In conversation people use “check” loosely, sometimes the probe configuration, sometimes the run. The database treats them as distinct: the endpoint row holds the config; each mx_checks row holds one run.
Run statuses
| Status | When it happens |
|---|---|
healthy | Probe succeeded and every assertion passed. |
degraded | Probe succeeded but a degraded-severity rule fired: latency over budget, SSL inside the warning window, soft-fail assertion. |
down | Status code mismatch, network or connection error, port refused, or a down-severity assertion failed. |
inconclusive | The run couldn’t reach a verdict (rare, typically a scheduling or storage error). Doesn’t move the streak counters. |
Incident
A grouped failure window. When an endpoint’s consecutive_failures reaches its failure_threshold, an incident opens. When consecutive_healthy reaches recovery_threshold, it resolves. The thresholds keep a single transient blip from paging anyone.
Incident status
Incidents have just two states:
| Status | Meaning |
|---|---|
active | Open and still firing. The endpoint’s current_incident_id points at it. |
resolved | Closed: the recovery streak met its threshold. resolved_at and duration_seconds are populated. |
There’s no acknowledged state. Incidents go straight from active to resolved once the recovery streak fires.

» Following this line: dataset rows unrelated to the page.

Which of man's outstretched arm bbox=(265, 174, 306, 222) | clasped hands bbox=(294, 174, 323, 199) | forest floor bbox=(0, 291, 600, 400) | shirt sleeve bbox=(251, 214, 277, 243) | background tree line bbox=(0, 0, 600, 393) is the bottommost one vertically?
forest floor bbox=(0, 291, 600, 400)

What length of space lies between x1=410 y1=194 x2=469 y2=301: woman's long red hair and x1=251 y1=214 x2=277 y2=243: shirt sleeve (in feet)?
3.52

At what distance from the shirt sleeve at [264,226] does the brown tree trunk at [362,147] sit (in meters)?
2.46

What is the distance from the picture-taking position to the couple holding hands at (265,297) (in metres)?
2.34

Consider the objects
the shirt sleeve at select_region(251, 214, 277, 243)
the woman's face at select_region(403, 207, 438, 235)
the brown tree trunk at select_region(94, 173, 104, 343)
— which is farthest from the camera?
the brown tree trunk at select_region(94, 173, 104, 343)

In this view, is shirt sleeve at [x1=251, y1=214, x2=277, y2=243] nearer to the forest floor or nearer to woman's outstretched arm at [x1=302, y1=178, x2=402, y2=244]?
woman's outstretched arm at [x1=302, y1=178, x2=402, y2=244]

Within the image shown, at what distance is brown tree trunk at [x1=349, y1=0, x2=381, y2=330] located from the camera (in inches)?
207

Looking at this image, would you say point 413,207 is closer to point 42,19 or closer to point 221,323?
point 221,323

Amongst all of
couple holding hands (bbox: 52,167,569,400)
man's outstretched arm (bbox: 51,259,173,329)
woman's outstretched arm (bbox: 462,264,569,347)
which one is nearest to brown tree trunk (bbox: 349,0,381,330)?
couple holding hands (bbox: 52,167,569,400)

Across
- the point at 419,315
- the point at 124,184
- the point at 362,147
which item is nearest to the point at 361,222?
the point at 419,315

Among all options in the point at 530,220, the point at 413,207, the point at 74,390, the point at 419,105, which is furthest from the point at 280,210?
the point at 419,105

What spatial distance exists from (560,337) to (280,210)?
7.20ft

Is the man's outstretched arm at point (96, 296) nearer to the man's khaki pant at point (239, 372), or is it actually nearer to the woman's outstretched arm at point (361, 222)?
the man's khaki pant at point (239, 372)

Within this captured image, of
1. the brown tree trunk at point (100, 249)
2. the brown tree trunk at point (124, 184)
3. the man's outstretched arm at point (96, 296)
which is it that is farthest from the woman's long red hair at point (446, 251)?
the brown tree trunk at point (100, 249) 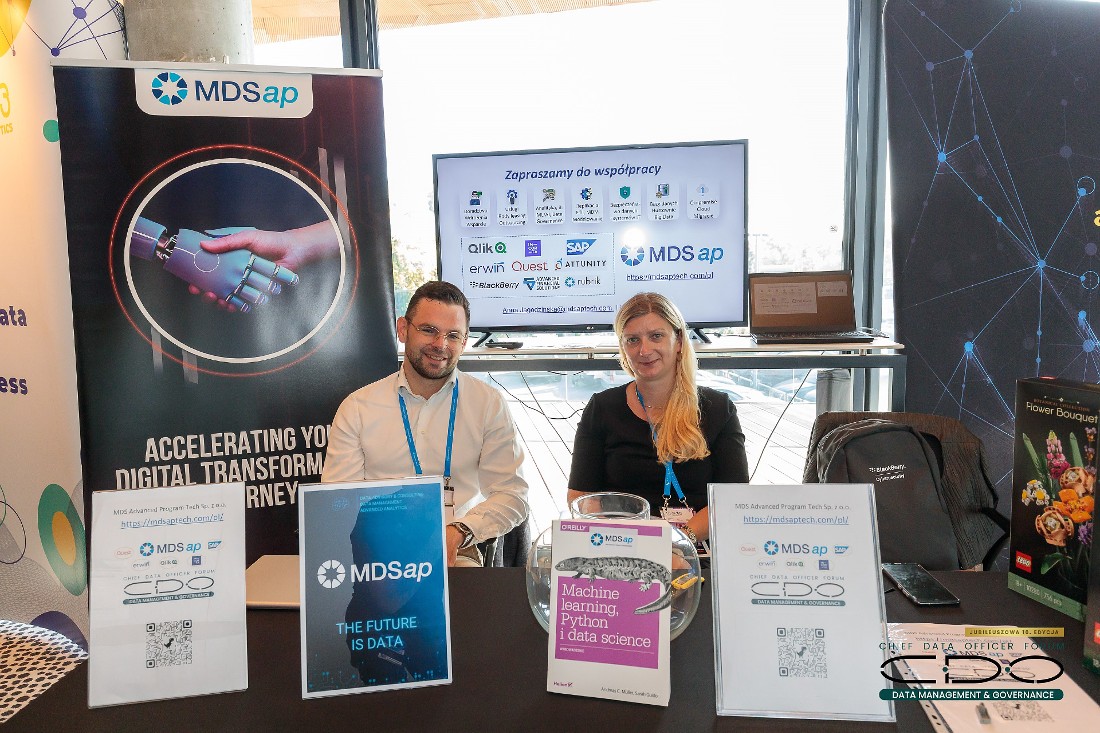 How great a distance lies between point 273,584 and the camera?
1295 mm

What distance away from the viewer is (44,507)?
2.80 metres

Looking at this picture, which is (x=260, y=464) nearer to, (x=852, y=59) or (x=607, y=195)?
(x=607, y=195)

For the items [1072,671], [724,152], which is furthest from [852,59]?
[1072,671]

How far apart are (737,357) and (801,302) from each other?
1.33 ft

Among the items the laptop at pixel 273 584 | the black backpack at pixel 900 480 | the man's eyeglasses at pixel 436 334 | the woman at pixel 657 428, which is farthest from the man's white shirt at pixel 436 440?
the black backpack at pixel 900 480

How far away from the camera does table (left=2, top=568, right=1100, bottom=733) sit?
0.90 meters

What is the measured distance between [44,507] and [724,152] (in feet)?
9.85

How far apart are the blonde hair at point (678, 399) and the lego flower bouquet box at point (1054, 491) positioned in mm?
997

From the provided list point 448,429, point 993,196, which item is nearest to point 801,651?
point 448,429

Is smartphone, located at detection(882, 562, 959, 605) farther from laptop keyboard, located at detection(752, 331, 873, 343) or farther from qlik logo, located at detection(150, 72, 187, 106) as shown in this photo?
qlik logo, located at detection(150, 72, 187, 106)

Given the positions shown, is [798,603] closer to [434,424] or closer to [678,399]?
[678,399]

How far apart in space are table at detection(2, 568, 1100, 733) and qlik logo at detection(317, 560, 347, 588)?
0.15 metres

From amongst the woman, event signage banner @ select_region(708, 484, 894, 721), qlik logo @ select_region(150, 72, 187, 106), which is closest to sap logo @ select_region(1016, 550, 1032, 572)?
event signage banner @ select_region(708, 484, 894, 721)

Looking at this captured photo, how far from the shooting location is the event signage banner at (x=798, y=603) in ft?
2.97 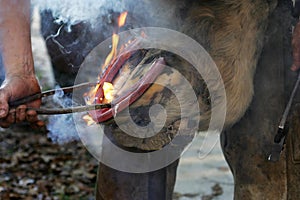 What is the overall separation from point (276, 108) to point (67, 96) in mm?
839

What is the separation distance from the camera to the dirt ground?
12.9ft

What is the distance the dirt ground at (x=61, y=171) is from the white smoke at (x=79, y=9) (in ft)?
4.77

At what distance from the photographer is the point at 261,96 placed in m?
2.21

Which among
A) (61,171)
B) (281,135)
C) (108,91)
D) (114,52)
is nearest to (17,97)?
(108,91)

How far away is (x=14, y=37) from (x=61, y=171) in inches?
108

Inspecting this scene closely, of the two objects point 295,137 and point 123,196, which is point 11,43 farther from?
point 295,137

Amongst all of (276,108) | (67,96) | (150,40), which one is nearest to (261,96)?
(276,108)

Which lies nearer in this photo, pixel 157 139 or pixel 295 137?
pixel 157 139

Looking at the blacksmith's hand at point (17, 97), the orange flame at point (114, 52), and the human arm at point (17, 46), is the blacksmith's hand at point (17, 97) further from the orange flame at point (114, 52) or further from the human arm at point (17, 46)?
the orange flame at point (114, 52)

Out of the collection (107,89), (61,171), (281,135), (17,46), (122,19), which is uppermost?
(122,19)

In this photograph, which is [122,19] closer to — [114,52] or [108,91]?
[114,52]

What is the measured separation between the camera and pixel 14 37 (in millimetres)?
1896

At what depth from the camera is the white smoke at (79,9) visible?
259cm

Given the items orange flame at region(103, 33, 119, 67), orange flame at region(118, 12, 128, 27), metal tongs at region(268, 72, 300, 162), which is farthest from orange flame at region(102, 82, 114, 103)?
metal tongs at region(268, 72, 300, 162)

Each incident carries a cause (endpoint_down or endpoint_degraded), a timeline JSONB array of every check that contributed to it, and a notifications-sent counter. See Incidents for the full lifecycle.
Channel
A destination for notifications. Channels live independently of endpoints. You create them once under Notifications and attach them to as many endpoints as you like.
| Type | Notes |
|---|---|
email | One or more recipients per channel. |
slack | Webhook into a Slack channel. |
discord | Webhook into a Discord channel. |
webhook | Generic JSON POST to any URL. |
Each channel carries its own filters (severity, event type), delivery priority, quiet hours, and rate limit. See Notifications for how those compose with per-endpoint routing.
Mute
A scoped silence. Mutes suppress channel delivery without changing endpoint state. Incidents still open and resolve, but no message goes out.
| Scope | Effect |
|---|---|
endpoint | Silences notifications for one endpoint. |
channel | Silences one channel across all endpoints it serves. |
global | Silences everything. |
Each mute has an optional expires_at and a free-text reason, useful for planned maintenance windows.
How they fit together
Endpoint ──── runs ────► Check (1:many)
│ (one row per probe)
│
├──── may open ────► Incident (1:many)
│ (grouped failure window)
│
└──── routes to ────► Channel (many:many)
│
└──── may be silenced by ──► MuteEverything else in the product (the dashboard tiles, the catalogue, the notification log) is built on top of these five nouns.